**Brief**
Every line of the listing below is to be repeated exactly; the pictures stay out.

**Information provided**
-- Opening Marker --
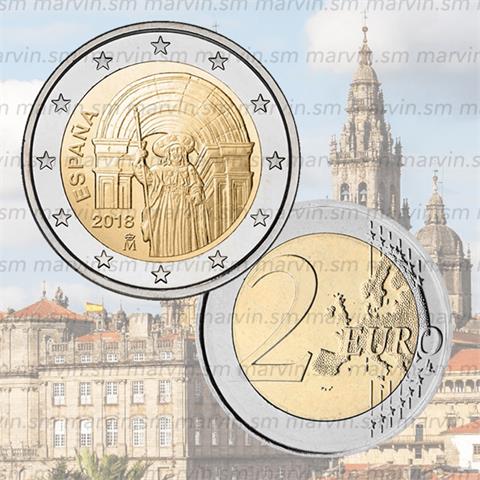  2 euro - Santiago de Compostela - Spagna - 2018 - UNC 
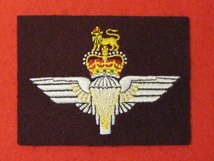 THE PARACHUTE REGIMENT MAROON BLAZER BADGE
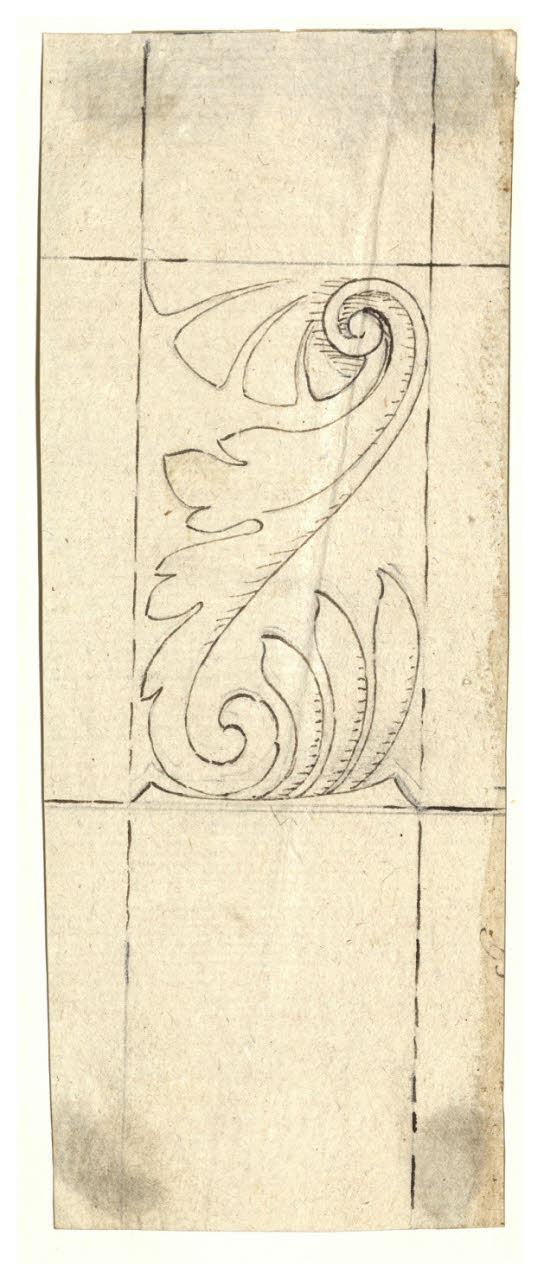 Foglia d'acanto e palmetta (disegno) di Maggiolini (bottega) (secc. XVIII/ XIX)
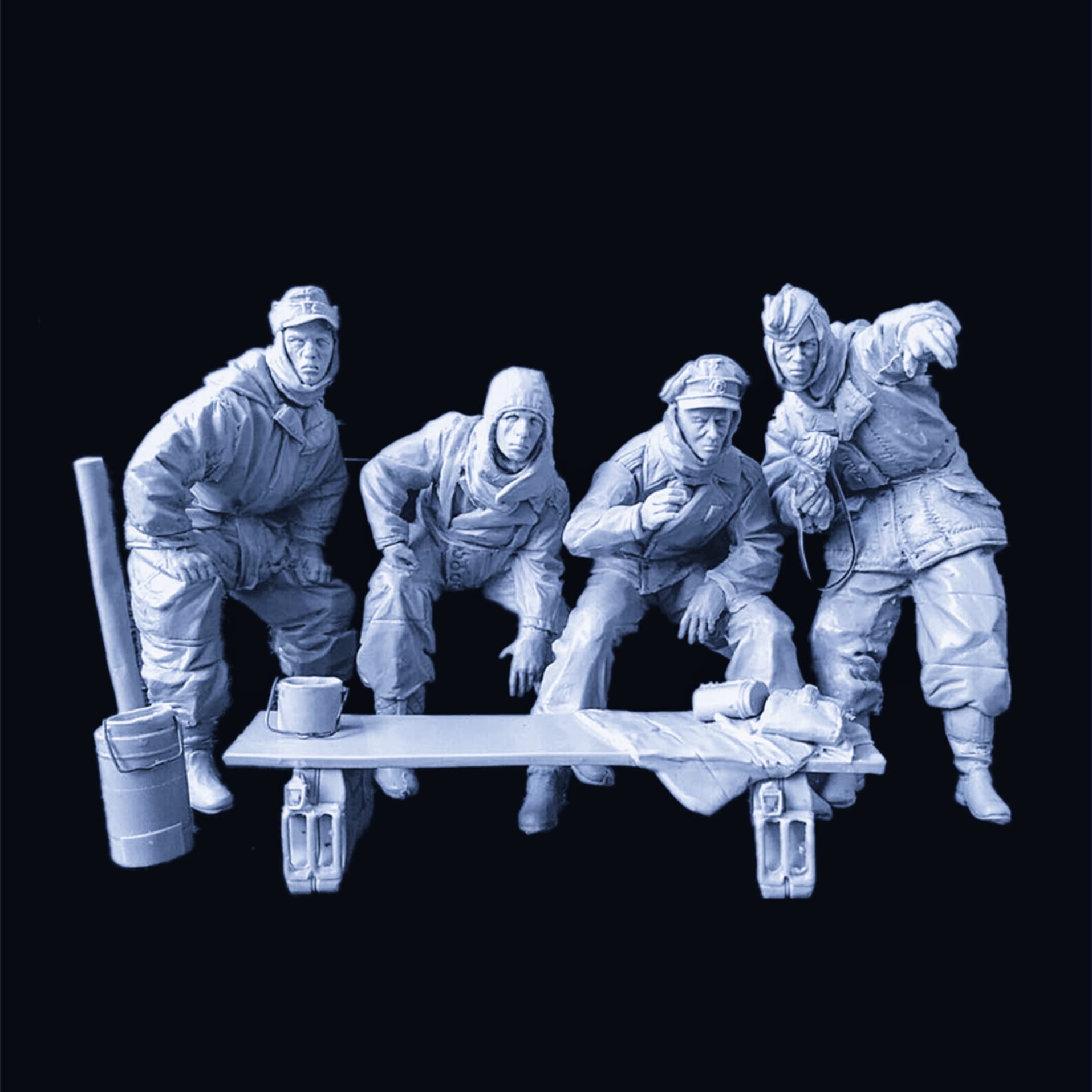 1/16 WWII niemiecki żołnierz zestaw modelarski z żywicy miniaturowe części z żywicy //il5k-11 (niezmontowane i niemalowane)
-- Closing Marker --
**Result of the task**
  2 euro - Santiago de Compostela - Spagna - 2018 - UNC 
 THE PARACHUTE REGIMENT MAROON BLAZER BADGE
 Foglia d'acanto e palmetta (disegno) di Maggiolini (bottega) (secc. XVIII/ XIX)
 1/16 WWII niemiecki żołnierz zestaw modelarski z żywicy miniaturowe części z żywicy //il5k-11 (niezmontowane i niemalowane)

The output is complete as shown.